The research suggests consumers’ financial situation may be worse than initially thought, as they contend with rising utility prices, a new flood levy and health insurance premiums.


Meanwhile, separate CoreData research – based on the responses of almost 800 Australian mortgage holders – reveals 25% of respondents are struggling to meet loan repayments.


According to CoreData principal Andrew Inwood, much of the uncertainty can be traced back to Australia’s minority government, which is leaving consumers increasingly pessimistic about their financial outlook.


“Consumer sentiment is back to where we were immediately after the GFC of 2007,” Inwood says.


“The lack of clarity and direction in the economy means that those who are able to save are putting their money into cash rather than shares and property.
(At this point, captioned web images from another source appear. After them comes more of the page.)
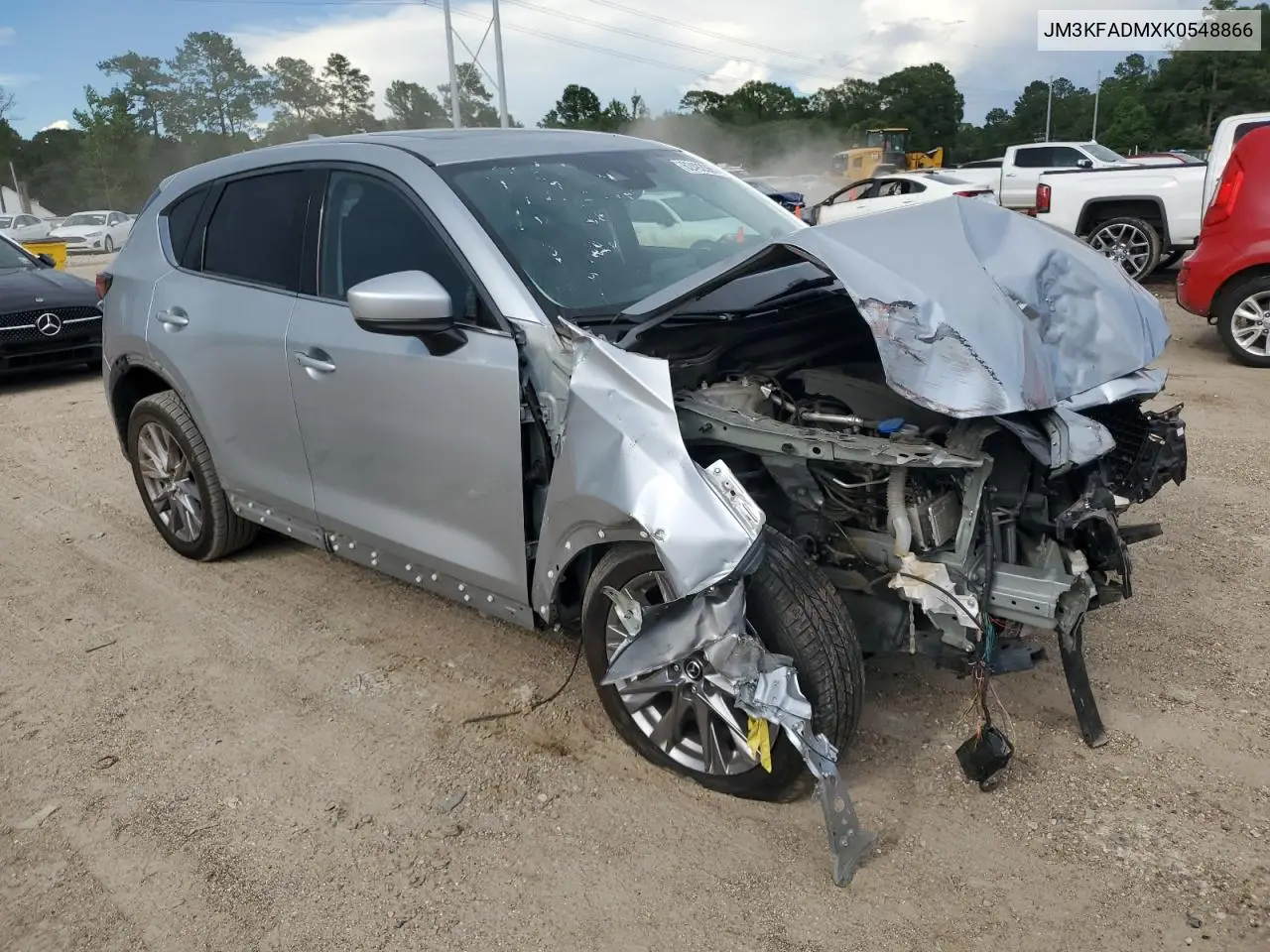 2019 Mazda Cx-5 Grand Touring VIN: JM3KFADMXK0548866 Lot: 62492065
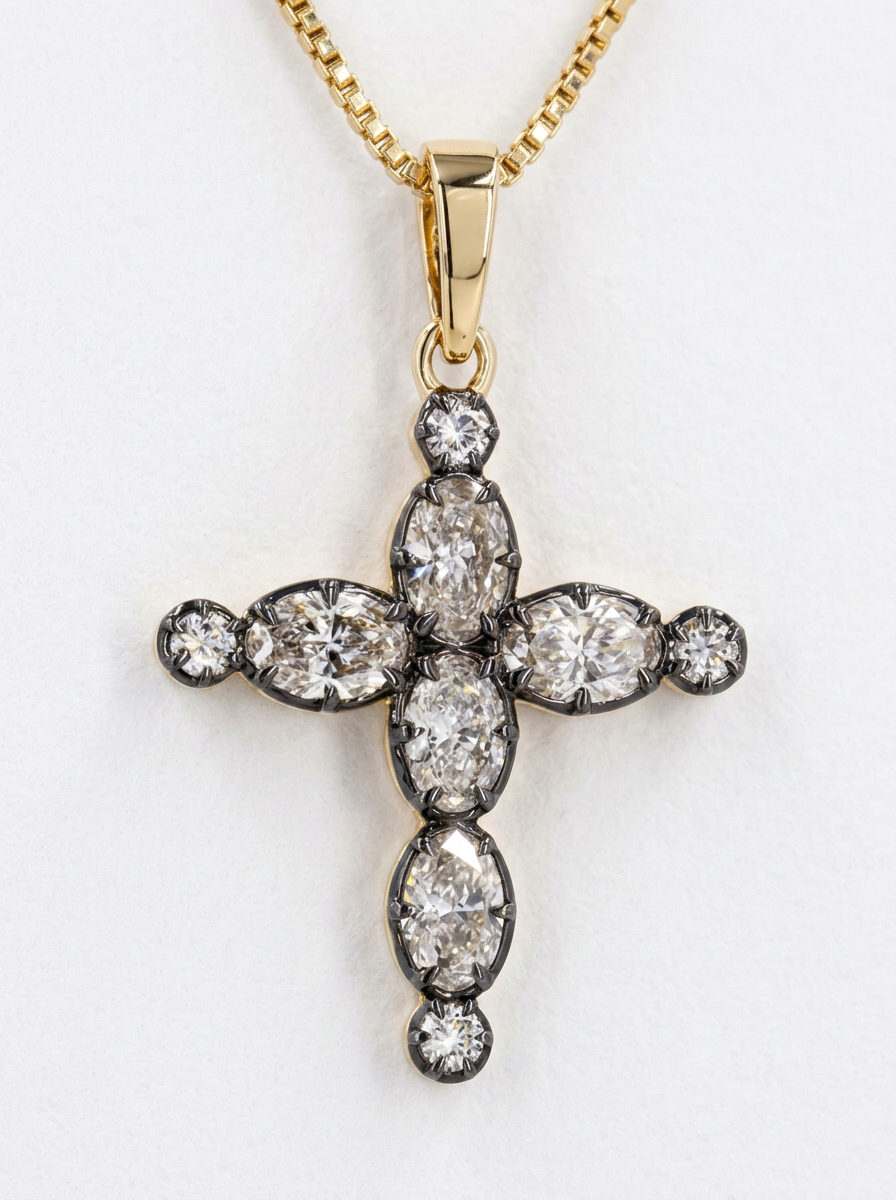 cruz de diamantes- vista frontal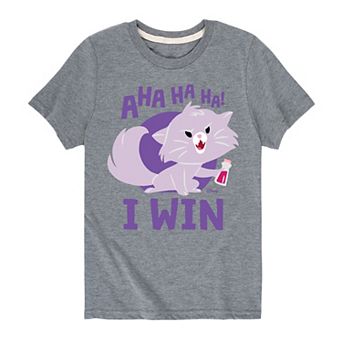 Disney's The Emperor's New Groove Yzma Boys 8-20 Cackling Cat "I Win" Graphic Tee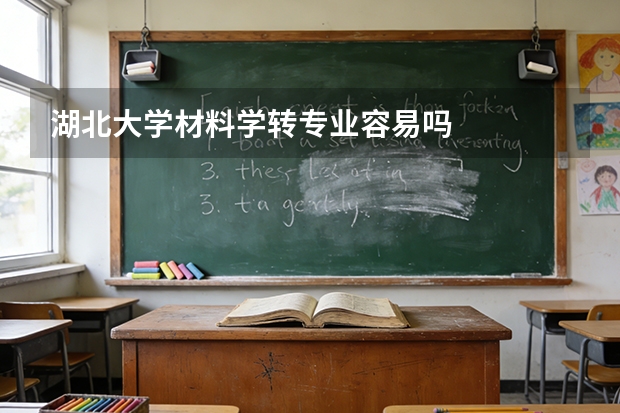 湖北大学材料学转专业容易吗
But more and more of those who can’t save are running into debt simply to maintain their lifestyles.


“If you’re starting a business, be careful about the sector you’re entering. If you’re entering the retail sector, you really need to be a low-cost provider.”


However, businesses appear to be oblivious to the increasingly low morale of consumers, with another survey highlighting Australian SMEs’ ambitious growth targets for 2011.


Management consultant firm Hay Group surveyed 1,600 senior decision-makers in firms from more than 30 countries.


According to the report, Australian and New Zealand businesses are targeting growth of 6% for 2011, compared to a global target average of 5%.


In order to achieve this target, the report reveals that 60% of Australian and New Zealand business leaders are demanding an unprecedented lift in productivity.


Businesses do, however, seem realistic about this target, with 59% admitting it is a significant challenge, and 37% fearing their employees are already too stretched to deliver current business objectives.


Inwood says businesses should not ignore consumer sentiment and household finances when formulating growth strategies.


“Pressure on Australian households continues to mount… Household finances are worse off now than they were 12 months ago, jumping from 37.5% in quarter one to 46% in quarter two,” Inwood says.


“And many believe it will get worse... [Consumers are] expecting their household financial situation to deteriorate over the next 12 months.”